Task objective:
Starting with the line that contains "LAPTOP GAMINGOWY Asus" and ending with the last line of the entries, repeat exactly those lines and nothing else, pictures excluded.

Exercise input:
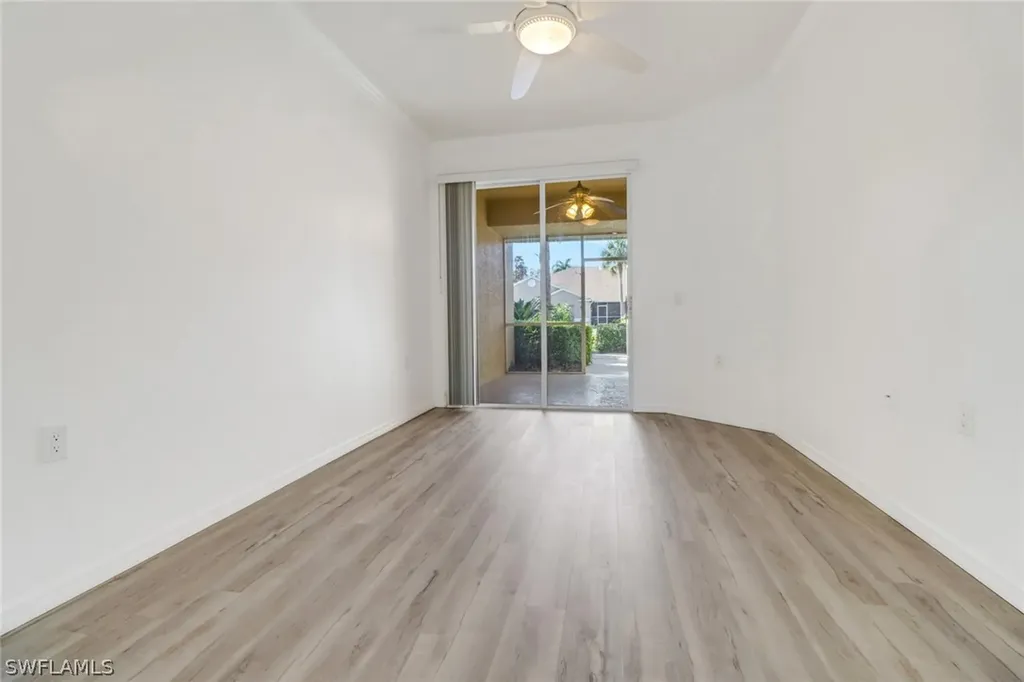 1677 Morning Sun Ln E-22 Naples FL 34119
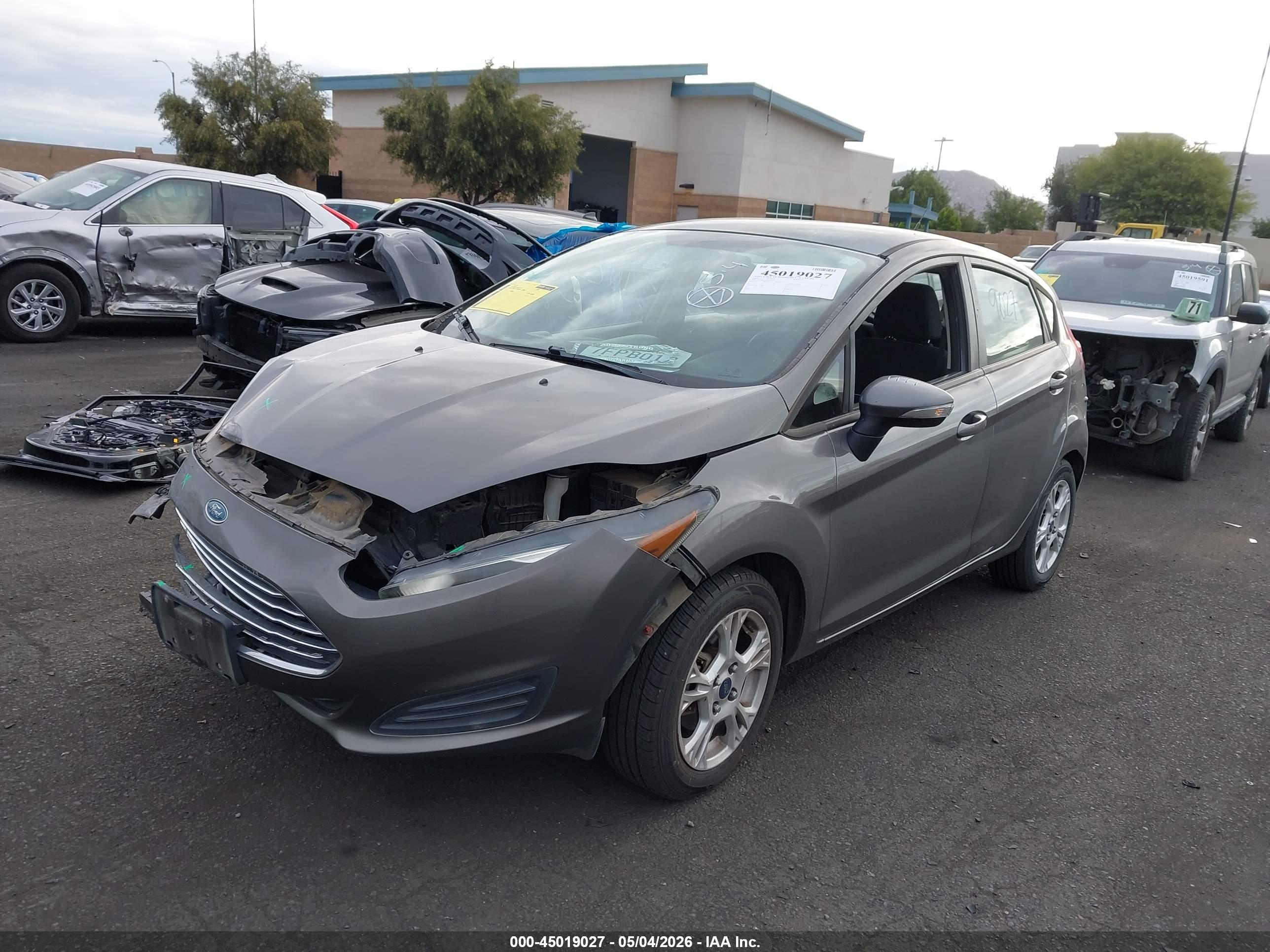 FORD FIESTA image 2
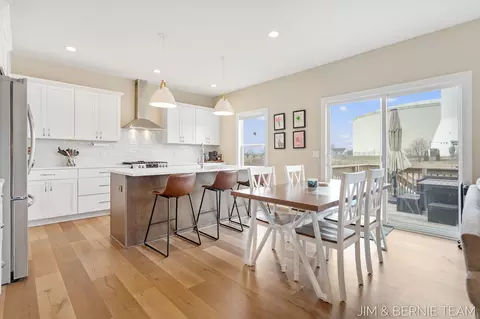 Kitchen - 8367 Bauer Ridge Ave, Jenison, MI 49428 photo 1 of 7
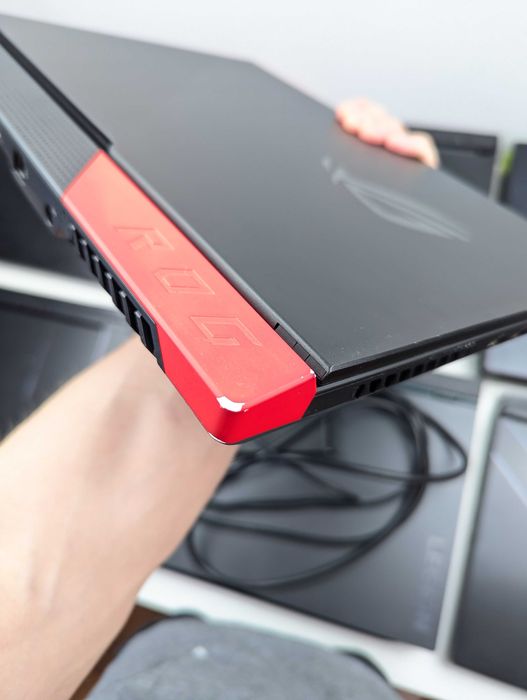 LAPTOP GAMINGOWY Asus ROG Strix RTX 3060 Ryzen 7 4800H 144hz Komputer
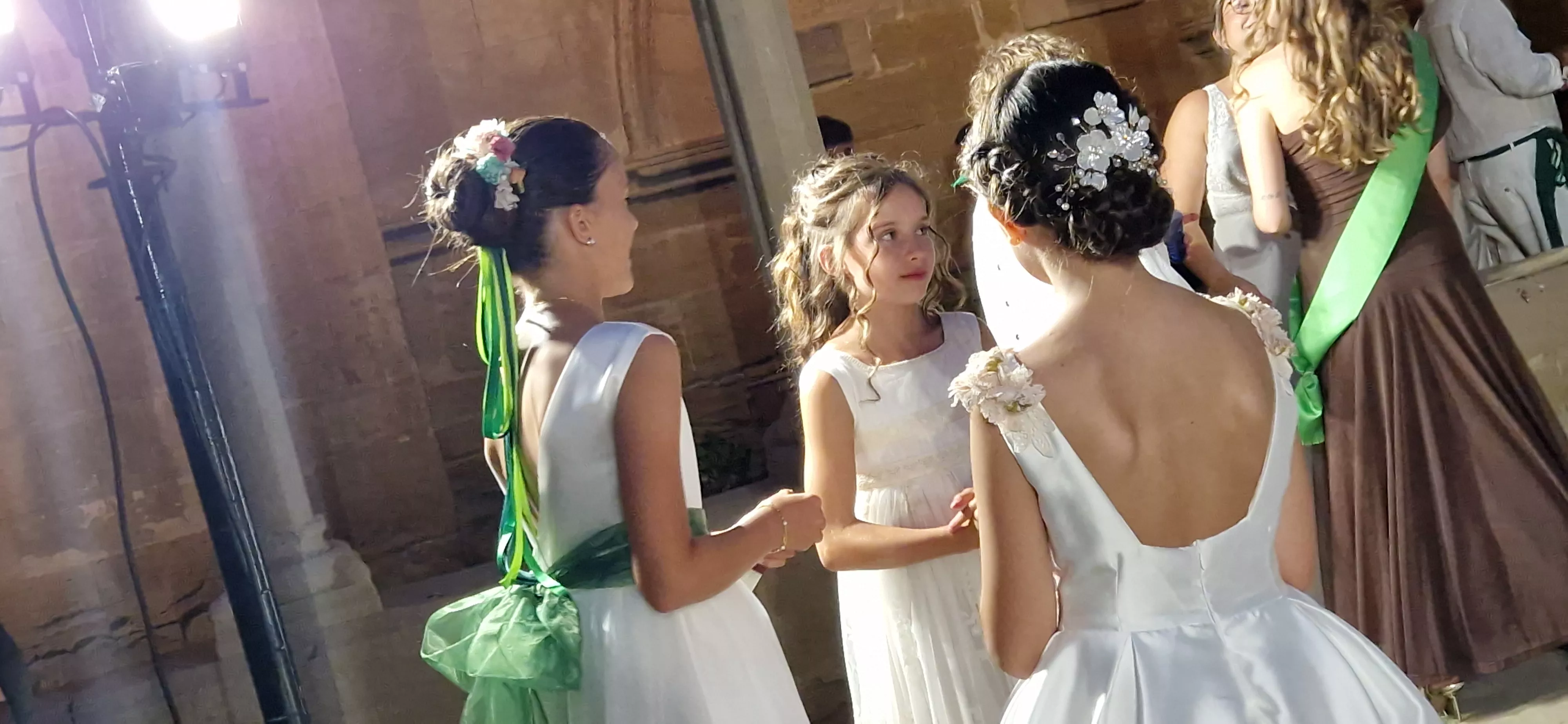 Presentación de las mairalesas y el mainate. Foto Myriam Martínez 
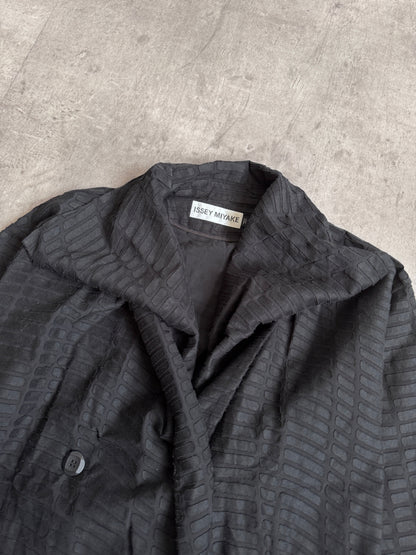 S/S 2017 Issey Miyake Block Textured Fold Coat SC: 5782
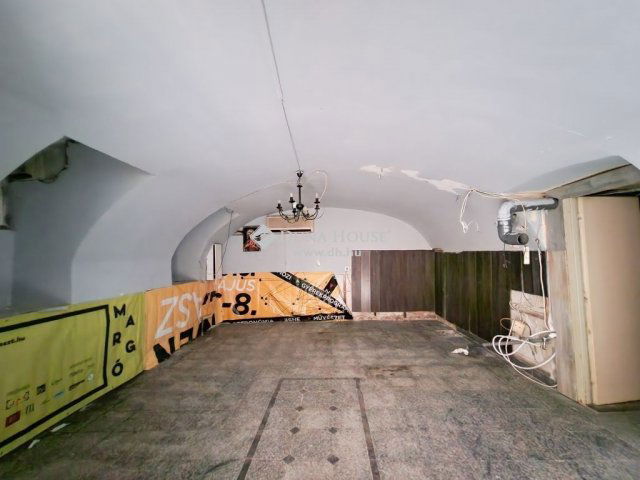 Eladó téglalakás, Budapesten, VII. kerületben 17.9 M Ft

The answer:
 LAPTOP GAMINGOWY Asus ROG Strix RTX 3060 Ryzen 7 4800H 144hz Komputer
 Presentación de las mairalesas y el mainate. Foto Myriam Martínez 
 S/S 2017 Issey Miyake Block Textured Fold Coat SC: 5782
 Eladó téglalakás, Budapesten, VII. kerületben 17.9 M Ft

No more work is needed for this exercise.